What the task requires :: From the records below, output exactly the lines starting at the line with "But basically, when" and ending at the line with "QLED has better", both of them included, but no pictures.
____
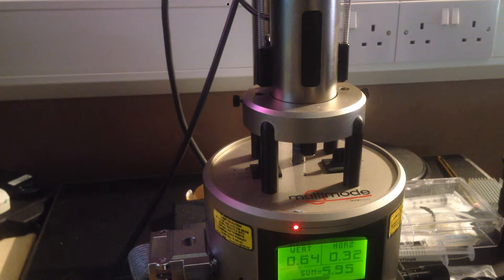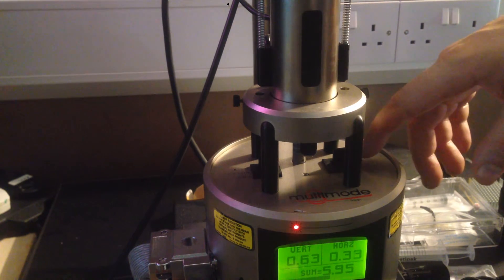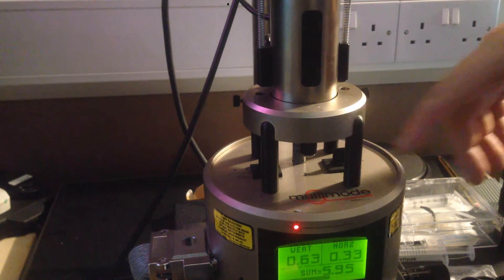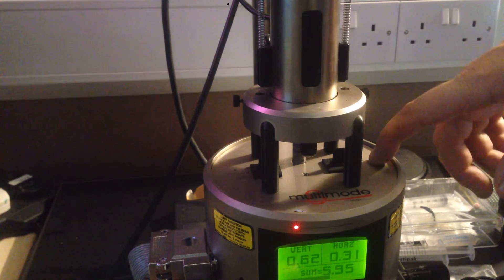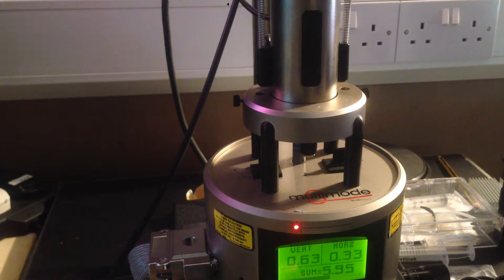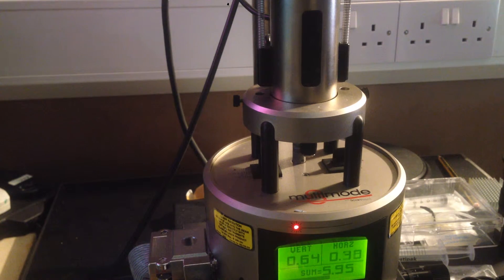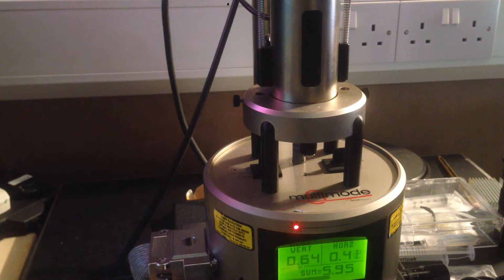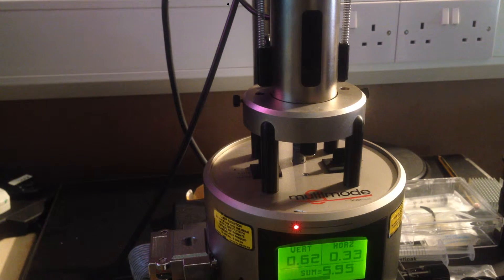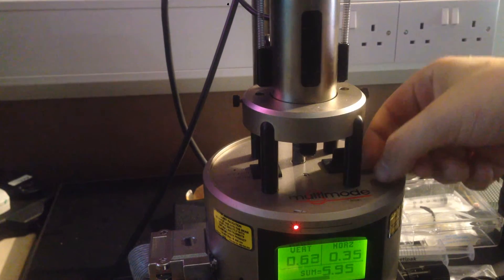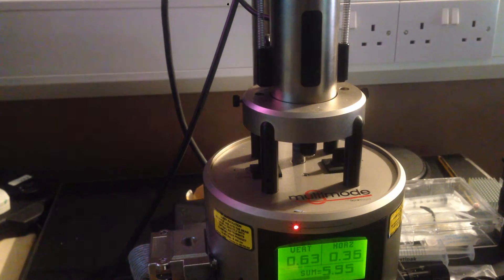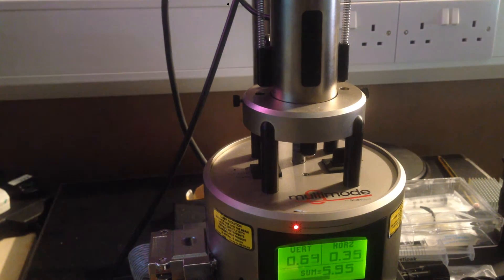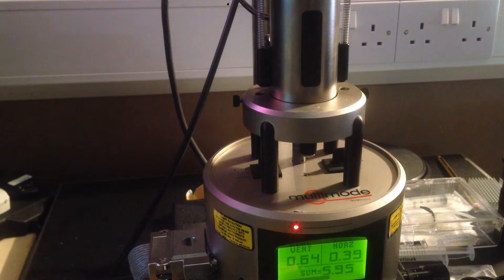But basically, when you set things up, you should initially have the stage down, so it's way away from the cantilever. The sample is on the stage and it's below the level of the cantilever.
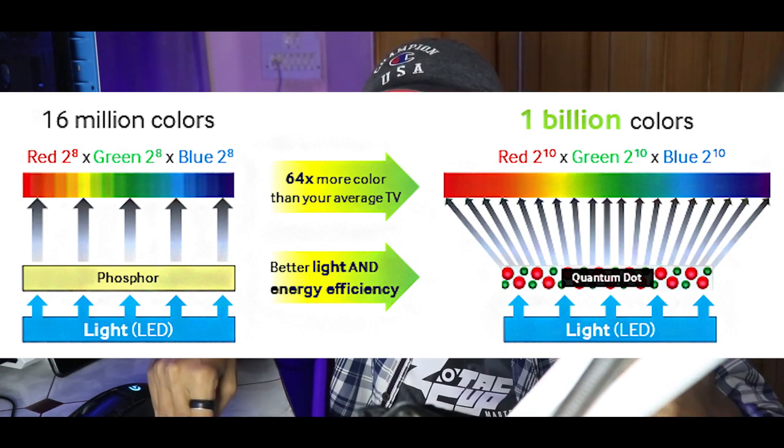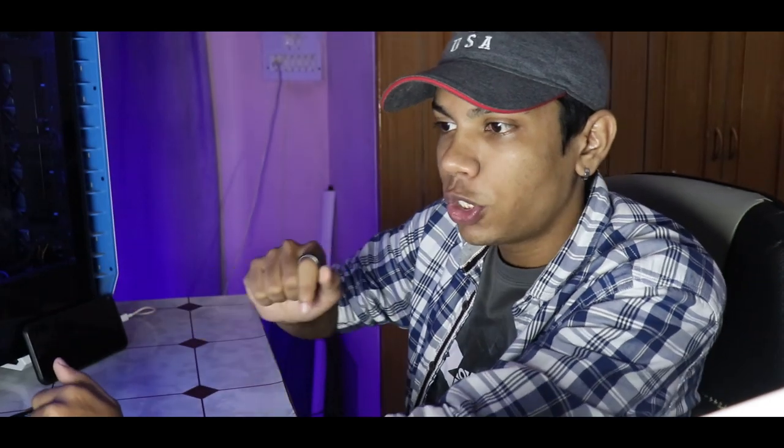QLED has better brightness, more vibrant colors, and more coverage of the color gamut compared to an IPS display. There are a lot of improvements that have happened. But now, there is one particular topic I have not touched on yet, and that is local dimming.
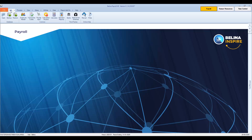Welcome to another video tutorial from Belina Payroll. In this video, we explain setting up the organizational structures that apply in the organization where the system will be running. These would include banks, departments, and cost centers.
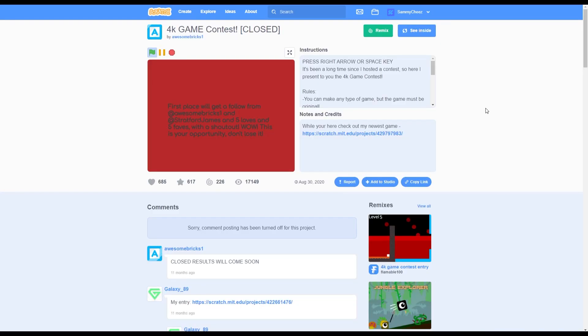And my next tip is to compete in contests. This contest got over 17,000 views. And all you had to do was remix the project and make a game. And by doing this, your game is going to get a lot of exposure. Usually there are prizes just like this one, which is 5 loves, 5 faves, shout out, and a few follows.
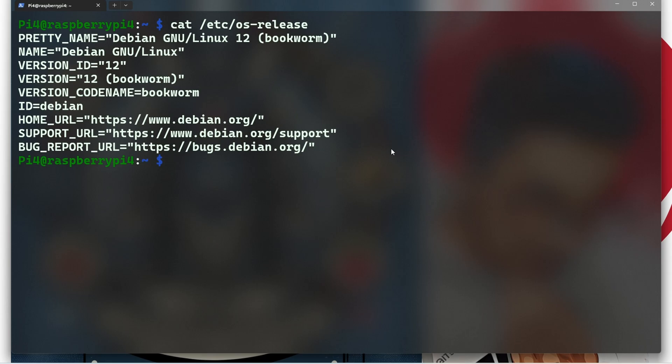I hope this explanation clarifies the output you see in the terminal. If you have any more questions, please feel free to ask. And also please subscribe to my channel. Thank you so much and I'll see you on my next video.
____
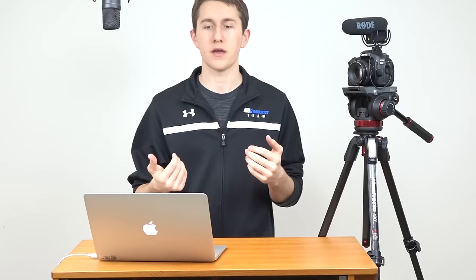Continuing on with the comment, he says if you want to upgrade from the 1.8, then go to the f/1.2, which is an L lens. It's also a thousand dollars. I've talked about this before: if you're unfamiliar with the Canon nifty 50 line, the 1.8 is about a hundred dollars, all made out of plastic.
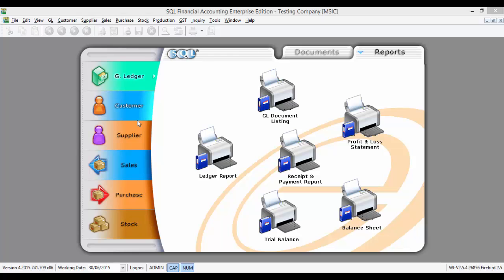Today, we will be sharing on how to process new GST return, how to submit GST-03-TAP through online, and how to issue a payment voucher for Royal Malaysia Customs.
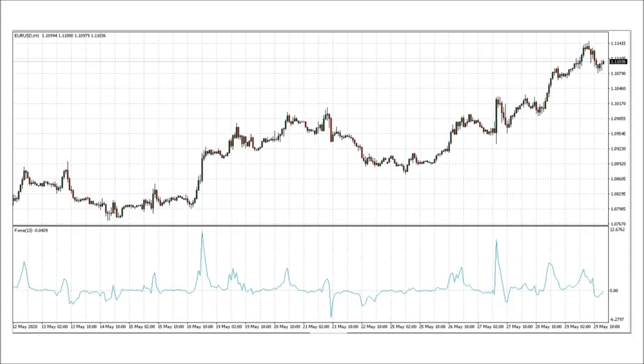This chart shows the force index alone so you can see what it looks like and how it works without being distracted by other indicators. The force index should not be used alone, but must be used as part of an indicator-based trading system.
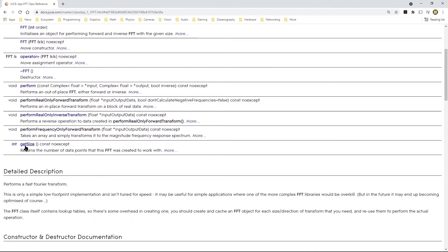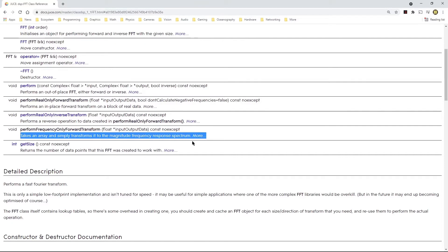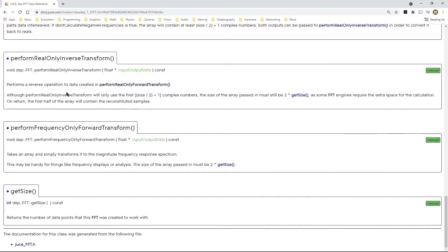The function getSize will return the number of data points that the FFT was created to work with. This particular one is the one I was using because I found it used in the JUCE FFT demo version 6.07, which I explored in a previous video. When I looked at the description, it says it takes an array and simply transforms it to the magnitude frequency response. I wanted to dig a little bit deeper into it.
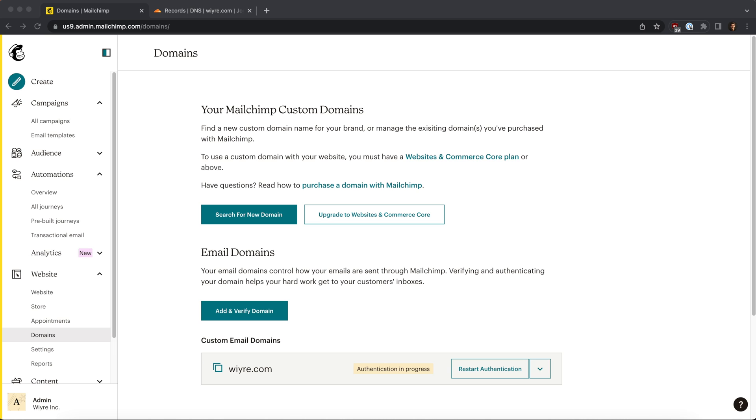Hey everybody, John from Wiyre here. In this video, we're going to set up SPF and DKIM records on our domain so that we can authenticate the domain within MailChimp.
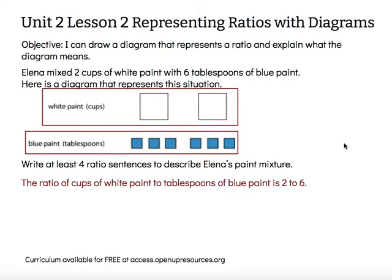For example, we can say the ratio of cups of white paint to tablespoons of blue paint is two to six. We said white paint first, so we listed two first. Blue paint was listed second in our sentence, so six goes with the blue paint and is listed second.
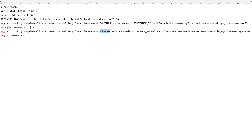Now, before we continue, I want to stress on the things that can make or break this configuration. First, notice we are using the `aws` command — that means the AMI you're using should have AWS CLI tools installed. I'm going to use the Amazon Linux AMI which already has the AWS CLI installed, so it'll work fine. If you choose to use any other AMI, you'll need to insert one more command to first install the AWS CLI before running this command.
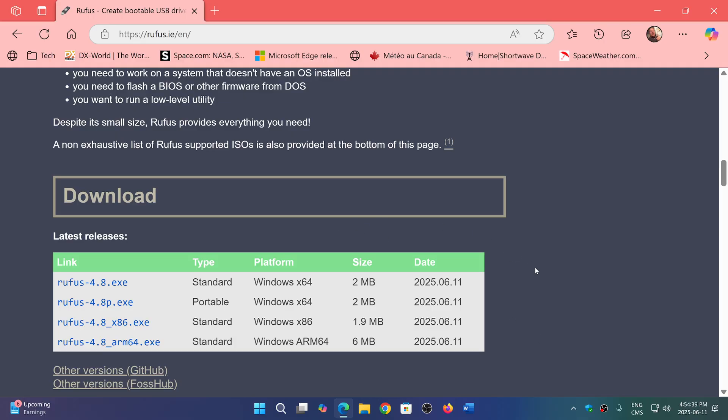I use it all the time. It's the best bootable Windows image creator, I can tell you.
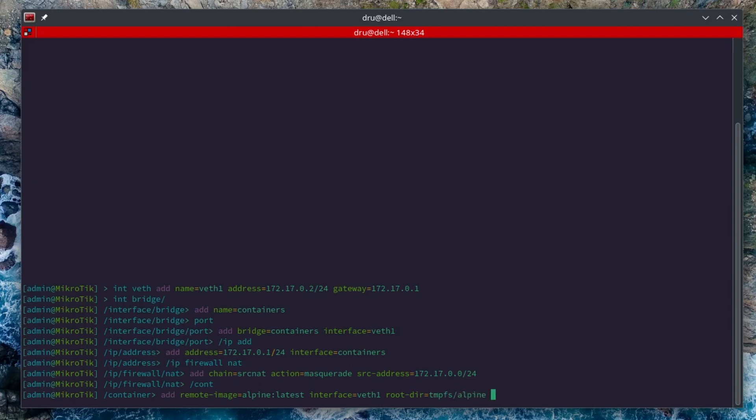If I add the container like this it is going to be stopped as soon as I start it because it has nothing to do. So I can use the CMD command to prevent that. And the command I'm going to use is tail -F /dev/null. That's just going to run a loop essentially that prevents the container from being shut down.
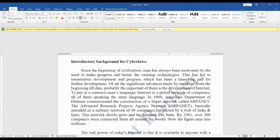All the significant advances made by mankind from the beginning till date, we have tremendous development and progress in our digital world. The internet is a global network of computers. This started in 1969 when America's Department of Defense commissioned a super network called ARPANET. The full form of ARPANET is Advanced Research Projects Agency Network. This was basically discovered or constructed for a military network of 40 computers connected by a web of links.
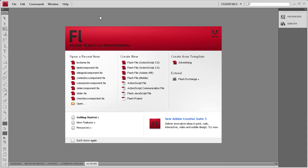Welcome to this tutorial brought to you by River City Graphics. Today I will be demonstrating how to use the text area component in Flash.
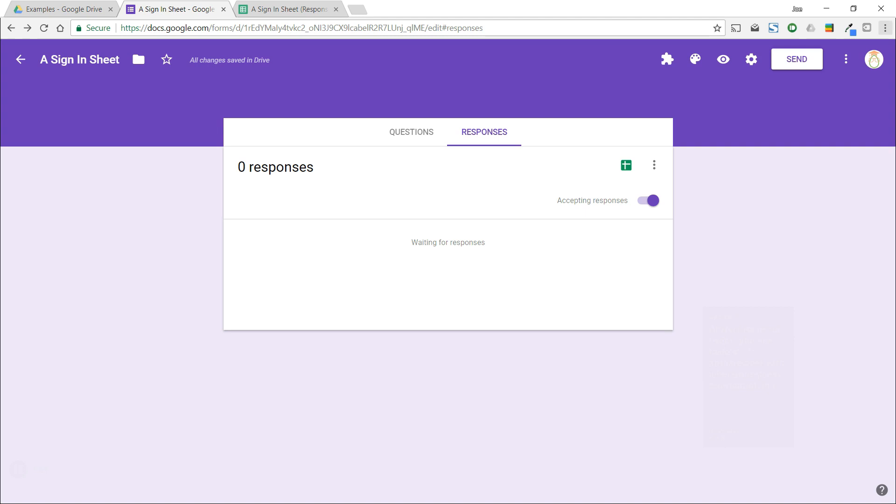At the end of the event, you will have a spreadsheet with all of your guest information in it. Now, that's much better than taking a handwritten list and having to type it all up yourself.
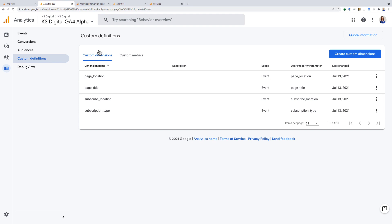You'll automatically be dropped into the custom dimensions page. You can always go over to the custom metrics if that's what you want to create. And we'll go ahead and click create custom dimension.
____
Task answer ::
But basically, when you set things up, you should initially have the stage down, so it's way away from the cantilever. The sample is on the stage and it's below the level of the cantilever.
QLED has better brightness, more vibrant colors, and more coverage of the color gamut compared to an IPS display. There are a lot of improvements that have happened. But now, there is one particular topic I have not touched on yet, and that is local dimming.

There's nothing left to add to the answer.